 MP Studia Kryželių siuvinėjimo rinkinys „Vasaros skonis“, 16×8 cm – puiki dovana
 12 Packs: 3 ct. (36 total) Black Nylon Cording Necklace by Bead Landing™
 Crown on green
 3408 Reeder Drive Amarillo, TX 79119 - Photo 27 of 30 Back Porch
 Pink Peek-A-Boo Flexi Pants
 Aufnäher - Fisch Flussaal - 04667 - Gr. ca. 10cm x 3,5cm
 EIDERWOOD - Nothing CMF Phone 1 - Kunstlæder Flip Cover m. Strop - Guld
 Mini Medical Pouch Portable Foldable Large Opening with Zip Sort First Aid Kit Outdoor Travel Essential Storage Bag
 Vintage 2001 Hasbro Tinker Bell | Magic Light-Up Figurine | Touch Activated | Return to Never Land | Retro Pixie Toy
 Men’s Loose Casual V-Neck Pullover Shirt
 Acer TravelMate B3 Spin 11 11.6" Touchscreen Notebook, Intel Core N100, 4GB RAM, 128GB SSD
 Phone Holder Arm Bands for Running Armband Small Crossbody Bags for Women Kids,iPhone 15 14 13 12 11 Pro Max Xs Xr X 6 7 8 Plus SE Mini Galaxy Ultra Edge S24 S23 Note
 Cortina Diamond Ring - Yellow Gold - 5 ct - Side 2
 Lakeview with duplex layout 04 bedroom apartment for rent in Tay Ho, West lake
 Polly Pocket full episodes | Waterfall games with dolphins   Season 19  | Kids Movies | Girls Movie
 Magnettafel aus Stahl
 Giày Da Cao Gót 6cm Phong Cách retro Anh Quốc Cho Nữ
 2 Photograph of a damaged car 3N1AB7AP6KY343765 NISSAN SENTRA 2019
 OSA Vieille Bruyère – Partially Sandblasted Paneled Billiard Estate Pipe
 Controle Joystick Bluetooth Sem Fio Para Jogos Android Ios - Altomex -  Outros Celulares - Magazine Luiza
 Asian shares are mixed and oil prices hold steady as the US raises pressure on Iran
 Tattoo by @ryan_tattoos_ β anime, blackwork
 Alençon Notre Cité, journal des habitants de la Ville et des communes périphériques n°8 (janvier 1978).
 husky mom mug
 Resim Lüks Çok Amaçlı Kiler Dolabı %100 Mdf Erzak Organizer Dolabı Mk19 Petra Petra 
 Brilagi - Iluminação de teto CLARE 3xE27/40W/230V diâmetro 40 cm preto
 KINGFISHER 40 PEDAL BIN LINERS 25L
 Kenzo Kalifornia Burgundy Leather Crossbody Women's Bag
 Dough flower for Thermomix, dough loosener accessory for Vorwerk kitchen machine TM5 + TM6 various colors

[Exercise brief]
Starting at the line that has "Acer TravelMate B3" in the records above, restate word for word every line until the one that has "Giày Da Cao", and include that one as well.

[Answer box]
 Acer TravelMate B3 Spin 11 11.6" Touchscreen Notebook, Intel Core N100, 4GB RAM, 128GB SSD
 Phone Holder Arm Bands for Running Armband Small Crossbody Bags for Women Kids,iPhone 15 14 13 12 11 Pro Max Xs Xr X 6 7 8 Plus SE Mini Galaxy Ultra Edge S24 S23 Note
 Cortina Diamond Ring - Yellow Gold - 5 ct - Side 2
 Lakeview with duplex layout 04 bedroom apartment for rent in Tay Ho, West lake
 Polly Pocket full episodes | Waterfall games with dolphins   Season 19  | Kids Movies | Girls Movie
 Magnettafel aus Stahl
 Giày Da Cao Gót 6cm Phong Cách retro Anh Quốc Cho Nữ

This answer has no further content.